The comments came about a month after an S&P “warning” about the United States’ AAA-bond rating being in some sort of jeopardy, which sent Republicans into quite a tizzy.

It’s ironic, then, that the rating agencies Republicans are so eager to impress are not at all fond of Republicans’ approach to the debt ceiling.

Republicans are now openly flirting with the theory that allowing the United States to default briefly on its payment obligations won’t be such a bad thing — and may even be necessary to extract concessions on entitlement spending in exchange for raising the debt limit.

But two of the biggest ratings agencies say they could downgrade the United States’ triple-A credit if the government misses even a single debt-service payment.

“A sovereign’s failure to service its debt as payments come due is a default according to S&P’s sovereign rating criteria,” writes John Piecuch, spokesman for Standard & Poor’s, one of the “Big Three” credit ratings agencies, in an email to me. “In that case, the rating would be lowered to “SD” (Selective Default).”

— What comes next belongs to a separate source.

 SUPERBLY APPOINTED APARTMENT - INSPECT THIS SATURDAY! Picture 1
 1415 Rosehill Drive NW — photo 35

A U.S. analyst for Moody’s — another Big Three ratings agency — was not available for an interview. But a spokesman referred me to a February report in which they downplay the likelihood that they’ll have to reduce the country’s credit rating. But it could happen as the result of a major political failure.

There’s an eerie-but-consistent insanity to the entire GOP approach.

Republicans want to impress rating agencies, so they’re pursuing a strategy that would aggravate rating agencies.

Republicans want to eliminate economic uncertainty, so they’re pursuing a strategy that creates economic uncertainty.

Republicans want to avoid higher interest rates, so they’re pursuing a strategy that would lead to higher interest rates.

Is there something in the water in D.C. that causing widespread madness?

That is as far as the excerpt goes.